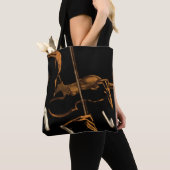  muzikant, violinist die gewelddadige muziek speel tote bag (Dichtbij)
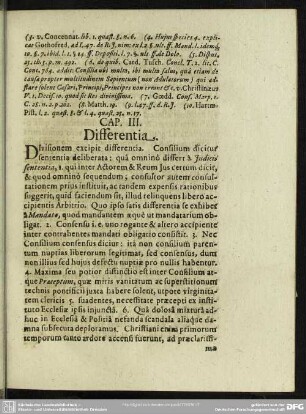Cap. III. Differentia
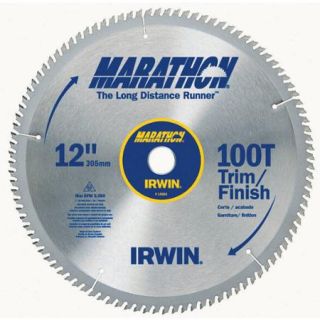 Irwin Marathon 14084 12" 100T Marathon Miter and Table Saw Blades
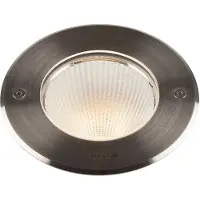 SOLAR PLUS Nedgravningsspot med multichip-teknik och 30° reflektor, 1400lm, armaturet är IP67 och monteret med gummikabel på 2m.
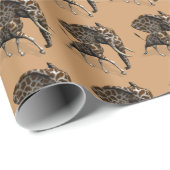 Funny Elephant Giraffe Hybrid Cadeaupapier (Rol Hoek)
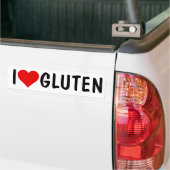 I HEART GLUTEN BUMPERSTICKER (Op Truck)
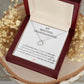 Gift for Granddaughter - I Held This Pretty Heart Necklace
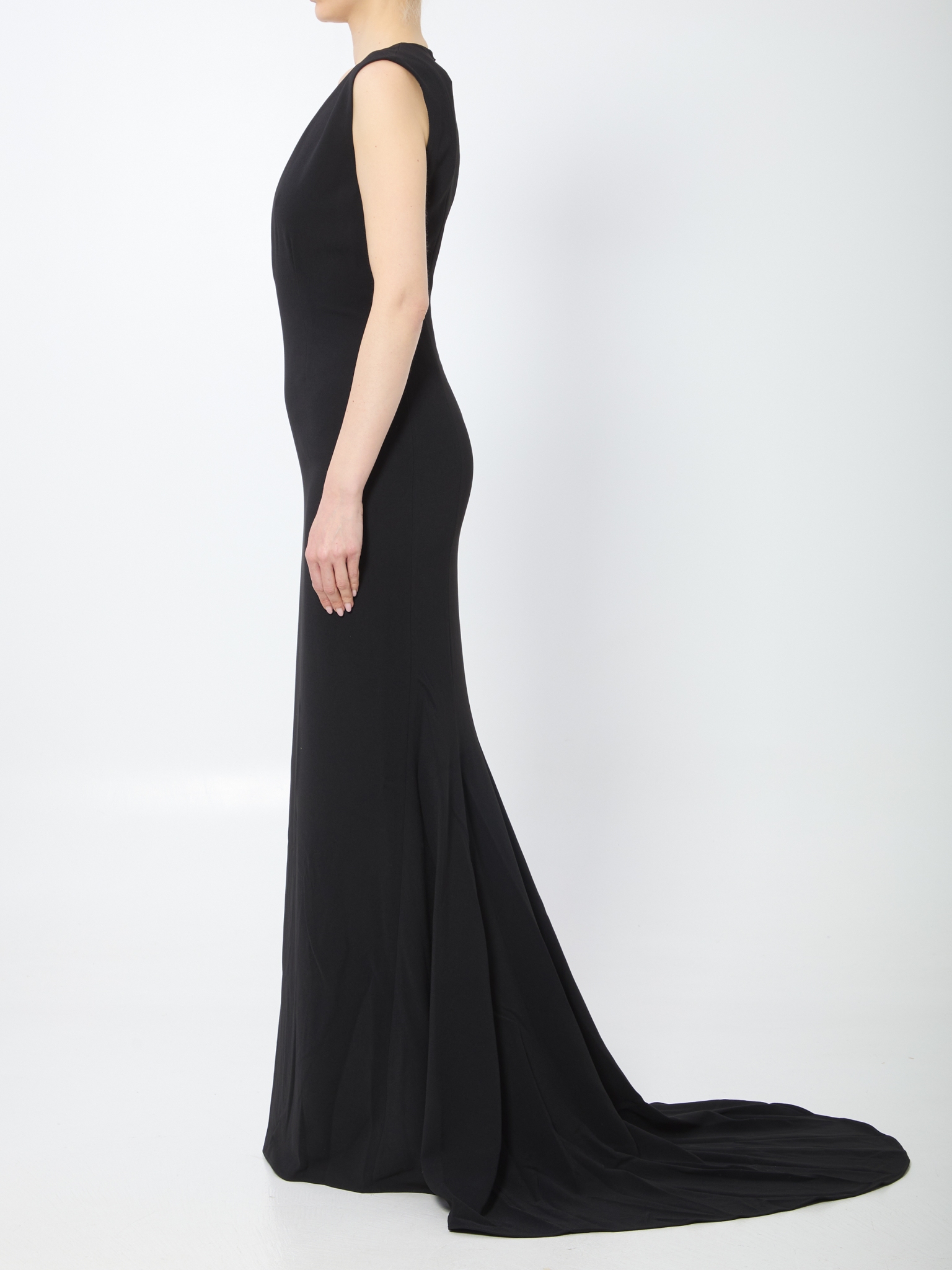 [Solace London] Sleeveless dress SS26 OS47005__BLACK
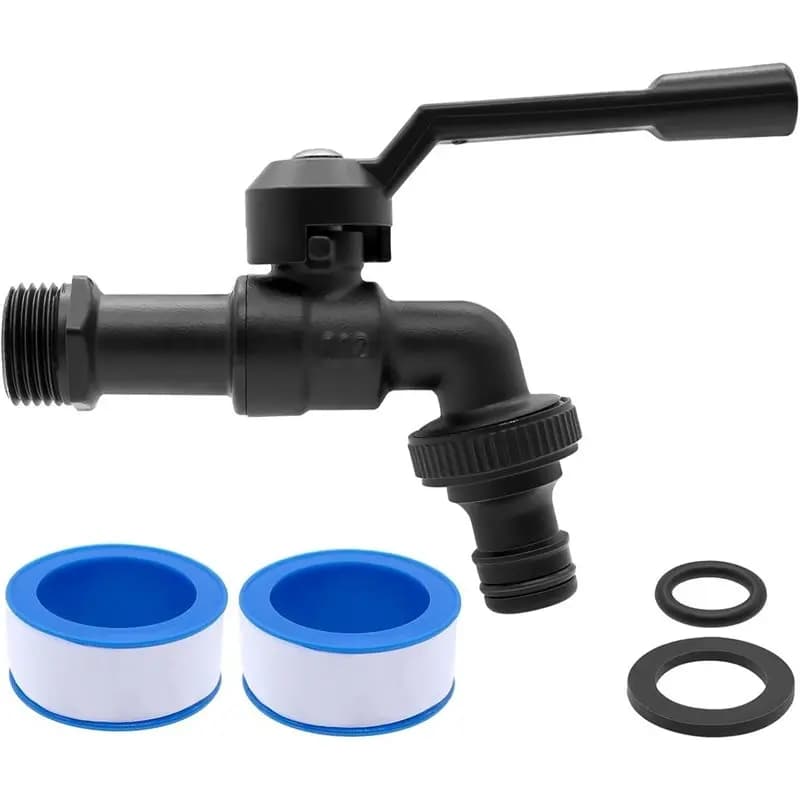 ABUI-1/2 Inch Tap Garden Ball Valve Outdoor Frost-Proof Outdoor Water Tap With Hose Connections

= = = = =

■ **What you will do**: Reproduce the material above exactly, but only from the line with "Gift for Granddaughter" through its last line, leaving pictures out.

■ **Task solution**:
 Gift for Granddaughter - I Held This Pretty Heart Necklace
 [Solace London] Sleeveless dress SS26 OS47005__BLACK
 ABUI-1/2 Inch Tap Garden Ball Valve Outdoor Frost-Proof Outdoor Water Tap With Hose Connections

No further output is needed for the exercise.